SDG gender and equity ……women and ethnic minority smallholders in the uplands, the resilience of their livelihoods is frequently constrained by the lack of productive resources or assets, social, cultural and language barriers, and limited opportunities to participate in decision-making at multiple levels
In changing or replacing livelihoods in the context of hydropower development, it is important to disaggregate the costs and benefits to women and men, as well as ethnic groups separately. These costs and benefits need to be assessed not only in material, but in relational and subjective terms as well. Based on a social well-being conceptual framework, and a qualitative livelihoods trajectory tool this can be done.
In the resettlement site, men and women had to adapt to a new area and lifestyle where traditional livelihood activities have been significantly changed and the new livelihood options had different implications to men and women. For example;
Upland rice - men’s control limited by new land use patterns (material, relational and subjective costs)
Fishing – men’s control has increased (material benefits)
Riverbank gardening – women’s control has decreased (material costs)

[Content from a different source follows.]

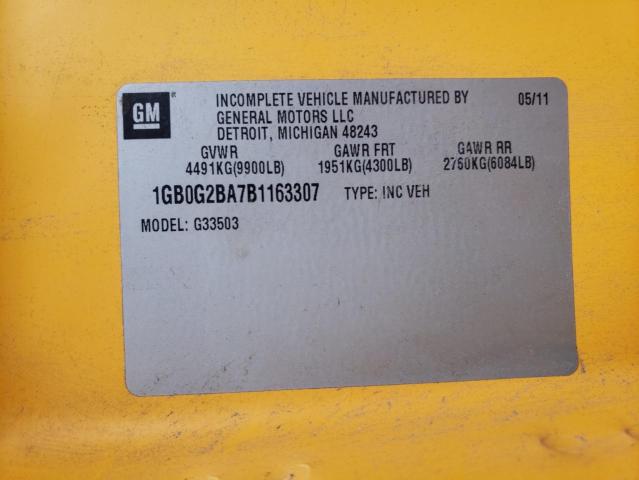 Продаж на аукціоні авто 2011 Chevrolet Minotour G3500, vin: 1GB0G2BA7B1163307, номер лоту: 85951475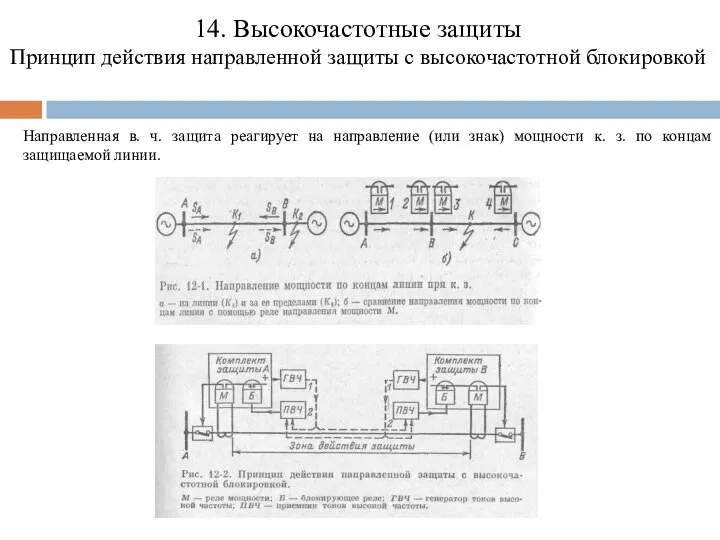 14. Высокочастотные защиты Принцип действия направленной защиты с высокочастотной блокировкой Направленная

NTFP – women’s control has decreased (material costs)
Weaving – women’s control has increased (material and subjective benefits)
Livestock – women’s control unchanged; men’s control over cattle decreased (material costs)
Education – men’s control unchanged but women have increased participation in decisions (relational and subjective benefits)
This provides insights into why some household members may accept and others reject livelihood options offered by hydropower development.